Both M41 and M44 are what astronomers call open star clusters. They are loose collections of stars, located in the flat disk of our Milky Way galaxy, born from a single cloud of gas and dust in space. These sibling stars still move together through space. They are very beautiful when viewed through binoculars or a small telescope.
Like most open star clusters of its type, M41 is relatively young, probably between 190 and 240 million years old. By contrast, our sun is thought to be 4 1/2 billion years old.
The cluster – whose true diameter in space covers about 25 light-years – contains about 100 stars including several red giants.
At mid-northern latitudes, Sirius and M41 stay out until roughly 4 a.m. local time at this time of year.

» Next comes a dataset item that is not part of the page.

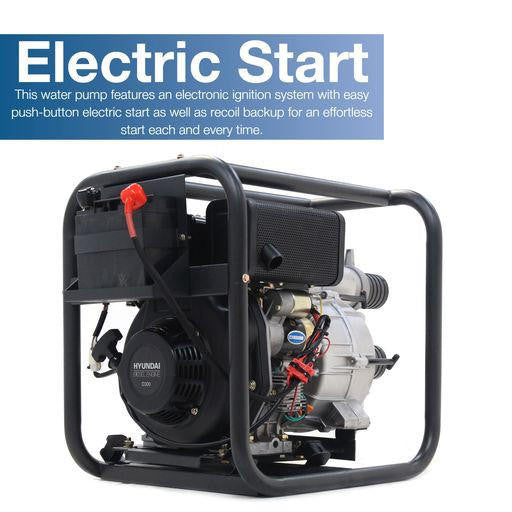 Hyundai Diesel Dirty Water Pump 3in Electric Start + 2 Hoses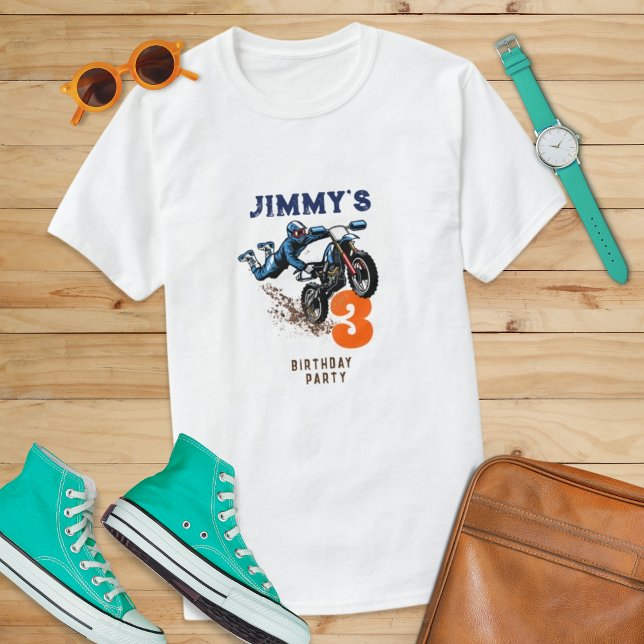 Biker Kid Dirt Stunt Bike Birthday T-Shirt (Creator Uploaded)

So enjoy Orion, the star Sirius and M41 on these January and February evenings. And by the way, there are over 100 of the so-called Messier objects or M-objects known today. Today’s amateur astronomers consider them among the most prized objects to be viewed through binoculars and small telescopes. Here’s a list of M-objects. Advanced amateurs can observe them all and can earn a Messier certificate from the Astronomical League.
Bottom line: No matter where you are on Earth, look for the sky’s brightest star, Sirius, in the month of January. If your sky is dark enough, notice the faint fuzzy object near the bright star Sirius. This object is called M41, and it’s a distant cluster of stars.